Fair Food: Field to Table Webinar 3/8/11

Notes from the Presbyterian Hunger Program

Here are some notes from the Fair Food webinar. Please view the 3 video segments below and read through the notes prior to the follow-up GoToMeeting taking place on Wednesday, March 16, 2011, 2:00-3:00 PM (EDT), sponsored by the Hunger Program.
Register a few minutes before 2:00pm at:

- Use your microphone and speakers (VoIP) - a headset is recommended. Or, call in using your telephone. * Dial +1 (314) 627-1500 * Access Code: 960-862-178 (Audio PIN: Shown after joining)

1st Speaker Rick Nahmias, The Migrant Project

First came the Migrant Project (2002-03) and from that emerged the Fair Food Project took off from that. MN, CA, FL, Pacific NW, etc.

“Fair Food: Field to Table” is a multimedia presentation promoting a more socially just food system in the U.S. It was created by California Institute for Rural Studies and Rick Nahmias Photography.

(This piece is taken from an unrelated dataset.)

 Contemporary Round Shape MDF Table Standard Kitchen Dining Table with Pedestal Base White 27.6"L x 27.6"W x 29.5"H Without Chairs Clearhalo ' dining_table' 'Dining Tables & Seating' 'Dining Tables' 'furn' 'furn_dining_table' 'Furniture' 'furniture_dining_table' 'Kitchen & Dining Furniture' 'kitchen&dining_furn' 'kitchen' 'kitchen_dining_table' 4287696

Through the stories and voices of farmworkers, growers, businesses and fair food advocates, viewers learn about the harsh realities of farmworker conditions and, more importantly, the promise of improved farm labor practices in American agriculture. The growing movement for “fair food” is tapping into rising consumer demand for food produced in accordance with their values.

The presentation consists of three parts:

Part 1: The Farmworkers (YouTube may work better -

Part 2: The Farmers (

Part 3: The Advocates (

2nd Speaker Lucas Benitez, Coalition of Immokalee Workers
Lucas gave background on the Campaign for Fair Food and the anti-slavery campaign. Here is the background from the PCUSA Fair Food website:

Farmworkers and consumers advancing human rights and social responsibility

The Campaign for Fair Food calls upon retail food corporations to end the poverty, forced labor and other human rights abuses faced by Florida farmworkers by establishing socially responsible purchasing practices. Led by the Coalition of Immokalee Workers, a human rights award-winning farmworker organization in Immokalee, FL, the Campaign for Fair Food is supported by religious, human rights, student and sustainable food organizations across the nation.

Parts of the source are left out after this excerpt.